BLC Lecturer Profile: Amelia Barili

Amelia Barili is a Spanish Language and Culture lecturer in the Department of Spanish and Portuguese, who is inspiring and preparing university students to use what they know to help others, through an innovative pedagogy that integrates the most recent findings of Cognitive Science Neurobiology and Service Learning.

Recognizing the potential that UC Berkeley students have to serve the surrounding community, while mastering what they are learning, Amelia Barili, integrates in her “Advanced Grammar and Composition” courses, a component of service learning. Students have the opportunity to further reflect on the course readings by working one-on-one with Spanish speakers, while assisting the Latino community in Berkeley and Oakland.
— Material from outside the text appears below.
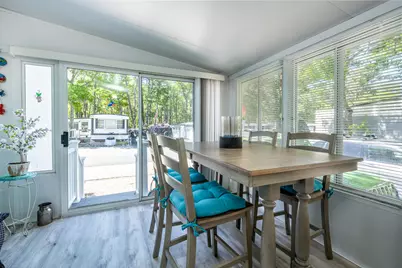 310 Old Chatham Road #A-28, Dennis, MA 02638 - Photo 15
While volunteering at East Bay Sanctuary Covenant—a Berkeley NGO, which helps Latino immigrants and refugee—students do interviews in Spanish, translate documents, do research on Human Rights conditions in various countries assisting the staff of East Bay Sanctuary with the research and preparation for their political asylum cases.
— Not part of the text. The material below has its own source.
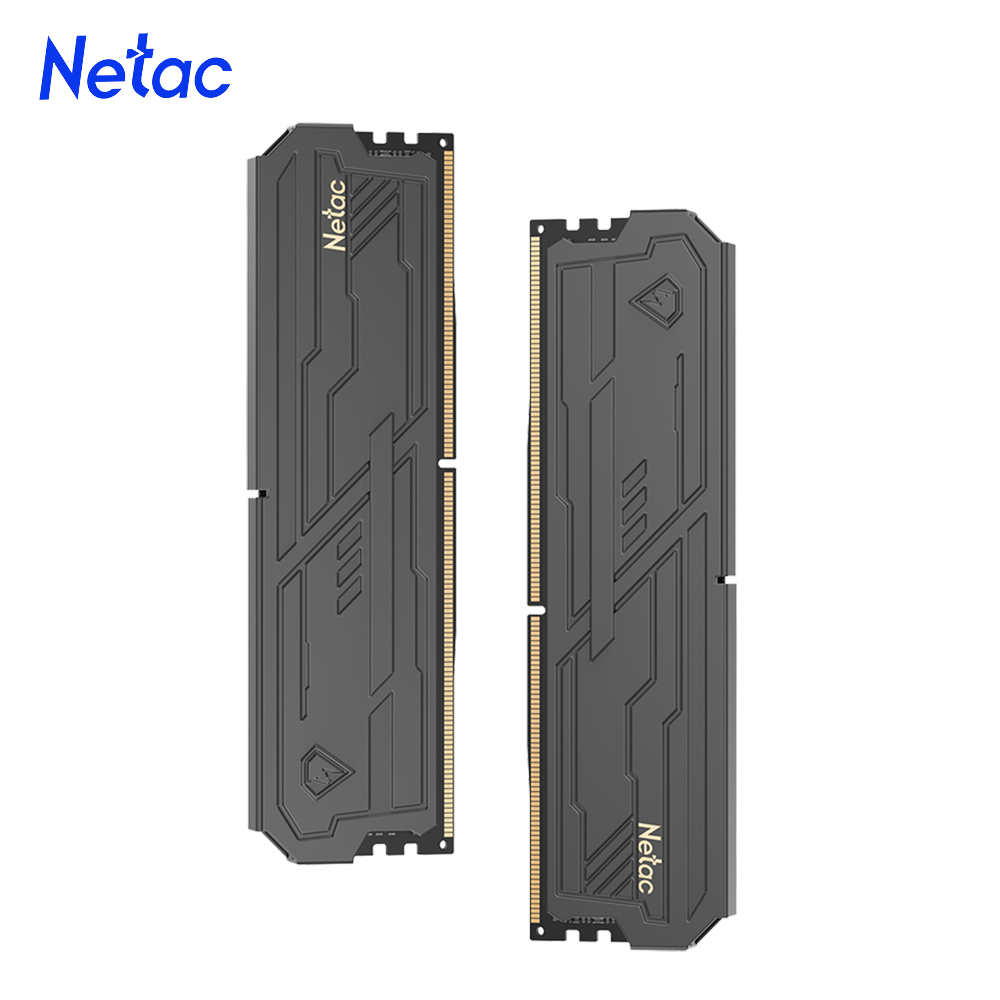 Netac Memoria Ram DDR4 8GB 16G - Khadas Vim4 8Gb ulasan dan harga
This innovative method of teaching and learning, fosters in students a passion for the Spanish language and the culture they come to know so personally, it opens their hearts and minds to effective ways of building nurturing communities by using what they are learning at the university to help others in need.

Barili’s research has been supported by two Berkeley Language Center Fellowships, the Berkeley Engaged Scholarship Initiative, the Berkeley Lecturers Fellowship, and has been distinguished with a Chancellor’s Award for Public Service and with a 2010-211 Chancellor’s Grant for Community Partnership.

The video “Building Nurturing Communities” is a short presentation of some of the principles and results of this methodology based on principles of Cognitive Science, Neurobiology and Service Learning as applied to intercultural studies and to the learning of a second language.